A potential alternative is a process based on the thermoelectric effect. Thermoelectric devices are not new. They are used, for example, to capture waste heat from car engines. They work because certain materials, such as bismuth telluride, generate an electrical potential difference within themselves if one part is hotter than another. They can be used to drive a current through external circuit. The reason thermoelectric materials have not, in the past, been applied successfully to the question of solar power is that to get worthwhile current you have to have significant temperature difference (something on the order of 200 degrees C). This is easy in your car, but difficult on a hill in Afghanistan.
Researchers are working on three improvements to the efficiency of solar-thermoelectric materials - - (1) Making sure that most of the sunlight which falls on a device is absorbed rather than being reflected, (2) Choose a thermoelectric material which conducts heat badly (so that different parts remain at different temperatures) but electricity well, and (3) Be certain that the temperature gradient which that badly conducting material creates is not frittered away by poor design.

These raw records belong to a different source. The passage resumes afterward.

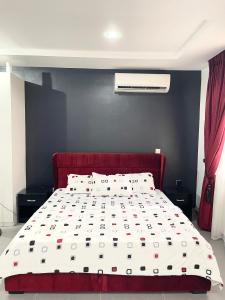 ein Schlafzimmer mit einem Bett mit rotem Kopfteil in der Unterkunft Rontop in Gwarinpa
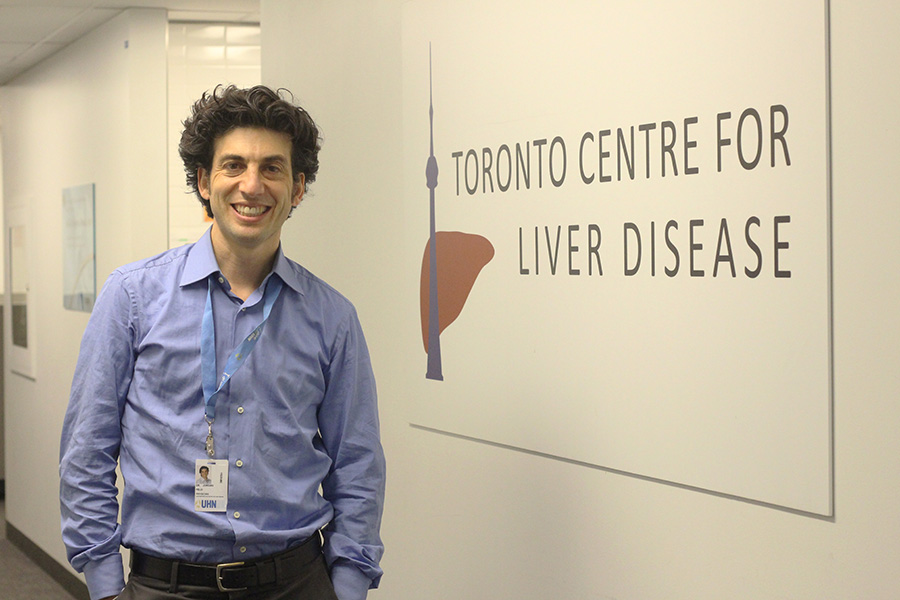 Dr. Jordan Feld, a liver specialist at UHN’s Toronto Centre for Liver Disease, standing in front of Toronto Centre for Liver Disease sign.
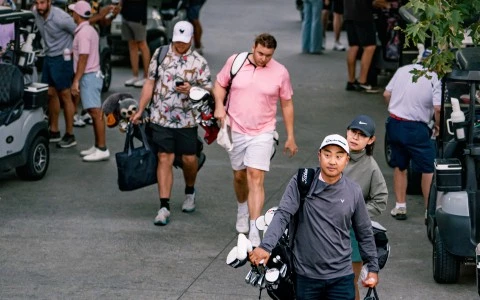 a group of people walking with golf clubs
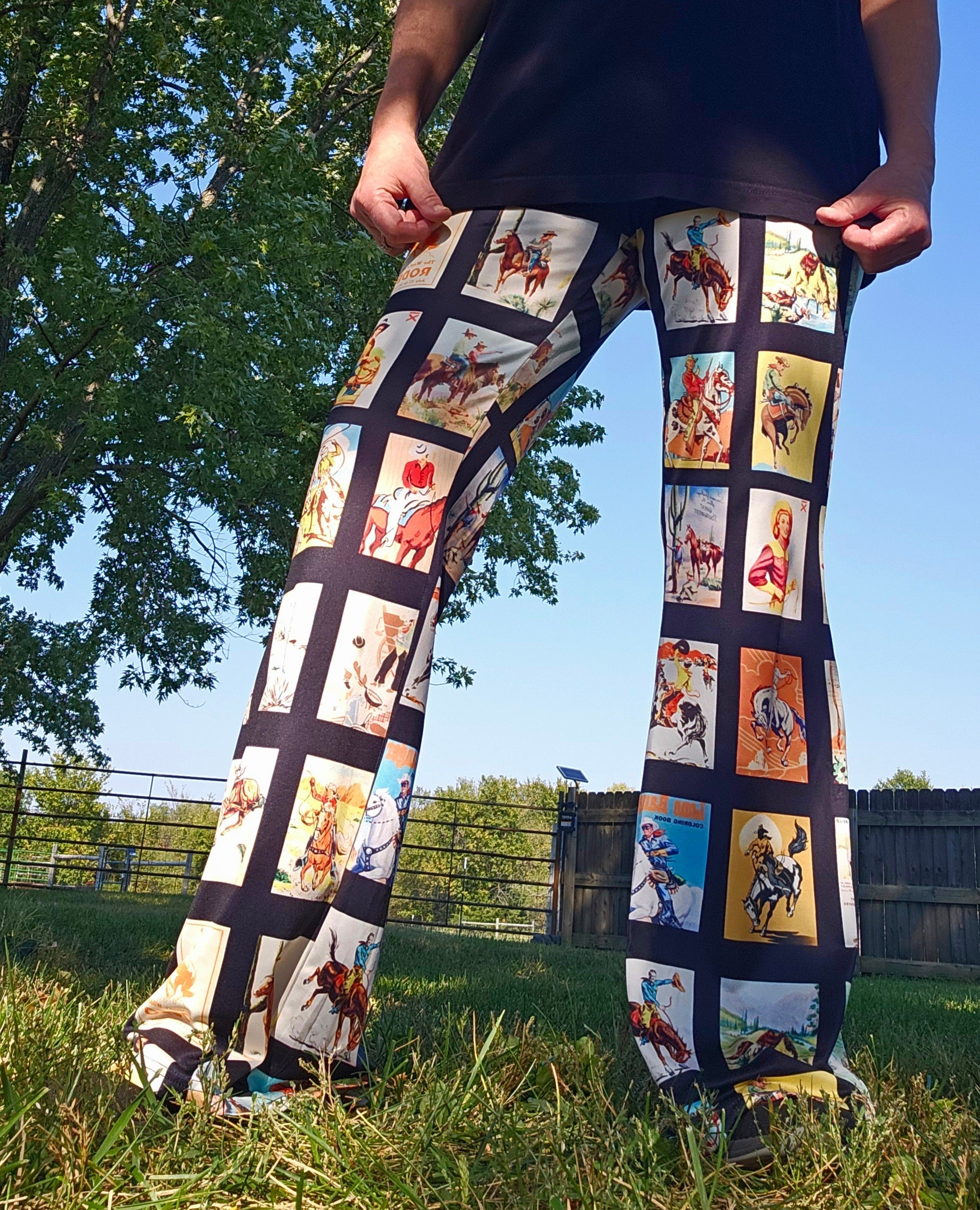 Vintage Cowboy Collage Western Flare Pants showcasing cowboy and rodeo graphics in a picturesque outdoor setting.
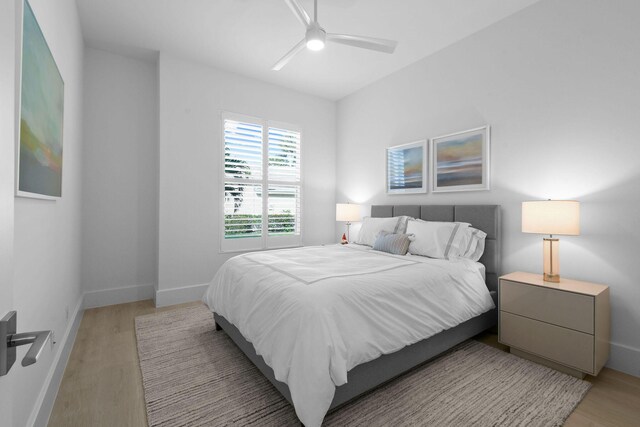 bedroom with light wood-style floors, ceiling fan, and baseboards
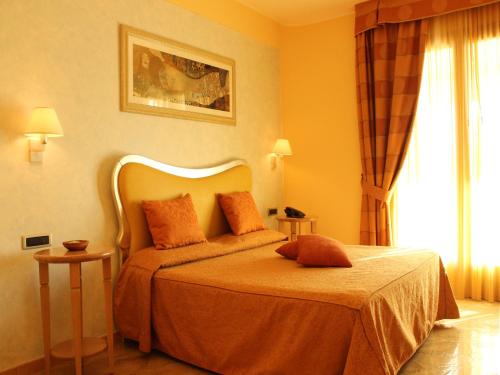 a bedroom with a bed with orange sheets and a window at Blu Tropical Resort in Zambrone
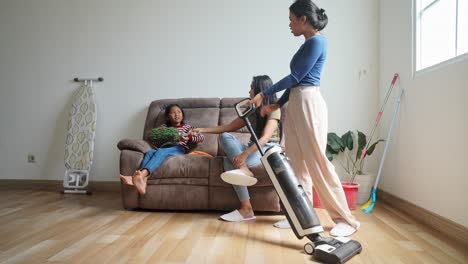 young asian mother told little daughter to help her older sister clean the house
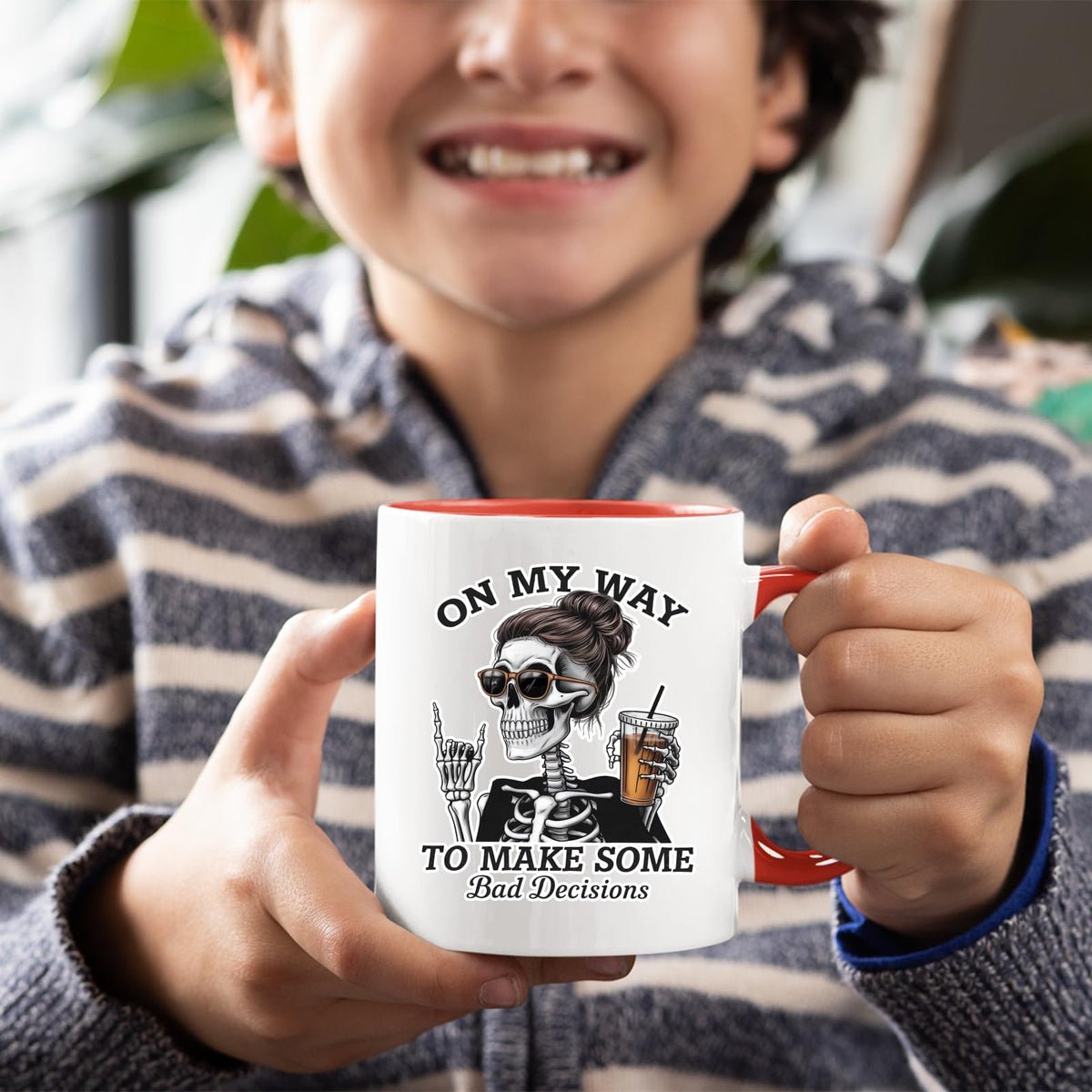 Smiling child holding the Bad Decisions skeleton mug with a red handle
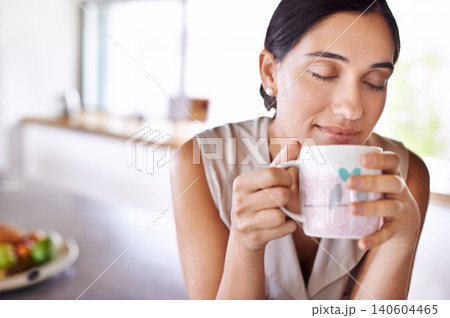 Woman, relax and smell coffee on kitchen or morning, enjoying and holding mug or cup. Female person, drinking tea or expresso for breakfast or energy at home, eyes closed and smile indoors or house Woman, relax and smell coffee on kitchen or morning, enjoying and holding mug or cup. Female person, drinking tea or expresso for breakfast or energy at home, eyes closed and smile indoors or house 140604465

Consider the rooftop at a forward operating base (FOB) in the mountains of Afghanistan. Modular solar panels adorn the roof. If such heaters were covered with thermoelectric generators the sun's rays could be put to sequential use. First, electric power would be extracted from them. Then, the exhaust heat from the bottom plate of the thermoelectric device would be used in the traditional way to warm water up. The Marines would get a two-for-one deal - - really a three-for-one deal. Heat, power, and lighter backpacks.